The YY web site is not opening. Reportedly CEO Barton Shigemura, CTO Wayne Karpoff and a number of development and test managers have been let go. An estimated 40 former YY’ers now have EMC badges.

Update: A second source has confirmed the YY shutdown and EMC’s uptake of the IP and about half the people. End update.

The Maui connection
As StorageMojo noted in April, 2006:

EMC’s GM of the Grid & Utility Computing, Ian Baird, mentioned at EMC World in Boston this week that EMC had invested in distributed caching technology developed by YottaYotta, a Canadian startup, for their “Grid Storage” strategic direction.

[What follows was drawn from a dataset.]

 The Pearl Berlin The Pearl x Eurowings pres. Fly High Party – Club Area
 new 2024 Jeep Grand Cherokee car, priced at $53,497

Distributed caching technology is crucial to creating WAN-based storage infrastructures that operate as if local, despite being spread over thousands of miles, where normal network latency would cripple response times. YottaYotta, an $80M startup based in Edmonton, Alberta, has been working on the technology since its founding in early 2000.

The YottaYotta system was a network-based RAID controller. The controller’s backplane was a network – Infiniband or GigE – so the controller could be physically distributed. The coordination of the distributed controller boards through wide-area cluster software is the company’s key IP.

The StorageMojo take
A coup for EMC. For a few million dollars EMC got the benefit of $80 million in R&D and some fine engineers. I speculate that EMC will use the YY block technology behind filer heads to provide fast data replication and access across dispersed data centers in the Maui infrastructure.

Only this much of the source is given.